A primeira característica destacada pela doutrina em relação ao princípio da moralidade é a dificuldade em sua conceituação. Com efeito, não se acha formulação verbal precisa do princípio da moralidade. Tanto é assim que MARÇAL JUSTEN FILHO chega a afirmar que:
O princípio da moralidade é, por assim dizer, um princípio jurídico “em branco”, o que significa que seu conteúdo não se exaure em comandos concretos e definidos, explícita ou implicitamente previstos no Direito legislado.
A primeira questão que o princípio da moralidade traz à tona é de que forma a violação de uma norma moral, que não corresponda simultaneamente à violação de uma norma jurídica, pode ter efeito jurídico.
Por outro lado, se a conduta imoral é também ilícita, a sanção aplicável decorre não da violação da Moral, mas do Direito. Por outro lado, admitir-se a Moral como fonte de direitos e deveres parece confrontar o princípio da legalidade. Aliás, a distinção elementar entre Moral e Direito, traz a tona os pares unilateralidade-bilateralidade e incoercibilidade-coercibilidade, que põem em evidência a ausência de efeito sancionatório da violação da norma moral.
Além disso, quando se tenta evidenciar aplicação do princípio da moralidade aos casos concretos muitas vezes é possível enxergar a incidência de outros princípios, como o da impessoalidade ou da proporcionalidade, o que reduziria também o interesse prático nesse princípio. Diante disso chega a afirmar SÉRGIO ANDRÉ ROCHA que:
Pode-se asseverar, portanto, que em nenhum caso se terá situação em que violado, de forma independente, o princípio da moralidade, sendo certo, por outro lado, que sempre que violados outros princípios aquele também poderá ser tido como violado.
(...) Nessa ordem de idéias nota-se que a noção de moralidade, a despeito de se encontrar expressa na Constituição Federal, é prescindível em termos jurídicos positivos, carecendo de aplicabilidade prática. Em nenhuma hipótese, ato praticado pela autoridade administrativa com respeito aos princípios da legalidade, impessoalidade e proporcionalidade poderá ser objeto de contestação por imoral.
Alguns doutrinadores defendem que a moralidade que se tem em vista seria uma moral jurídica, não se confundindo com a moral comum. A moral teria, então, um conteúdo jurídico por compreender “valores ou preceitos morais jurisdicizados”. Essa moralidade administrativa corresponderia ao conjunto de regras de “boa administração”, extraídas da “disciplina interior da Administração”.

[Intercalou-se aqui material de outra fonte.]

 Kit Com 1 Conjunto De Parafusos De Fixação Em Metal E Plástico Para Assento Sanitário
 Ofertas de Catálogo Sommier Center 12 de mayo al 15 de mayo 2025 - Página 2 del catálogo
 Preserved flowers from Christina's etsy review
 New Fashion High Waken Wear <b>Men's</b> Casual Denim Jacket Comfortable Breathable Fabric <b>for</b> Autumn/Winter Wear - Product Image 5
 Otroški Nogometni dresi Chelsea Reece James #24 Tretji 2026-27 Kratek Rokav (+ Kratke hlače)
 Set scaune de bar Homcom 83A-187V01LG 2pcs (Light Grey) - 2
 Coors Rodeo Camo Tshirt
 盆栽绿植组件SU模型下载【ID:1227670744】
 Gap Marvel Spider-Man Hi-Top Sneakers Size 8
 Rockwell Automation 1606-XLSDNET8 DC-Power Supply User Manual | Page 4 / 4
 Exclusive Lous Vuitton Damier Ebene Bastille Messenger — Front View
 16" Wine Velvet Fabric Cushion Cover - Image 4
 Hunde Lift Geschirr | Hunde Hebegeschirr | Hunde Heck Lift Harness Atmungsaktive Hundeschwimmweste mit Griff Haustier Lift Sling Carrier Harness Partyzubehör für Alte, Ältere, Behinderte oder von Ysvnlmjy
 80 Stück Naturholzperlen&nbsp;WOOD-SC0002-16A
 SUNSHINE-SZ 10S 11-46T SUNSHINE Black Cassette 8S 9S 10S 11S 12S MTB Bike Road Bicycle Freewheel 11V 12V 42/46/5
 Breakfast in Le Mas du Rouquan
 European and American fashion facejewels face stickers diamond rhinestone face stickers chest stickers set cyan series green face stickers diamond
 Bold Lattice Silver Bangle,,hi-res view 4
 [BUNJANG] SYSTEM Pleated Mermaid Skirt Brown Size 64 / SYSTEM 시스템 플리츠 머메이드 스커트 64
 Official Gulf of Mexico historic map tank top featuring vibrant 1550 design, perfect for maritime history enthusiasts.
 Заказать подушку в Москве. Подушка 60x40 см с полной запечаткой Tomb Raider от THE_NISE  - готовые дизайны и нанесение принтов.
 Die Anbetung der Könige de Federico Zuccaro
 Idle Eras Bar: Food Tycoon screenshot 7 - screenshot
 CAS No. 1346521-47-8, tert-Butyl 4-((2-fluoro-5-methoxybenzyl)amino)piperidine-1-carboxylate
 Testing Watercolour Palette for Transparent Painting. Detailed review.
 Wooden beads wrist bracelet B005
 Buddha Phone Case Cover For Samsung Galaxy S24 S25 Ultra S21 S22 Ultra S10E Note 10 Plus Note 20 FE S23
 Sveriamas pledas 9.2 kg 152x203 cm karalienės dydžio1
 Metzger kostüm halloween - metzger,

LÚCIA VALLE FIGUEIREDO procura delimitar o conteúdo desse princípio, considerando a existência de padrões ou standards de comportamento moralmente correto: “o princípio da moralidade deverá corresponder ao conjunto de regras de conduta da administração que, em determinado ordenamento jurídico, são considerados ‘standards’ comportamentais que a sociedade deseja e espera”. Tal concepção se aproxima da noção de boa-fé objetiva, como observa HELY LOPES MEIRELLES. A boa-fé objetiva impõe que “cada pessoa deve ajustar a própria conduta, ‘obrando como obraria um homem reto: com honestidade, lealdade, probidade”.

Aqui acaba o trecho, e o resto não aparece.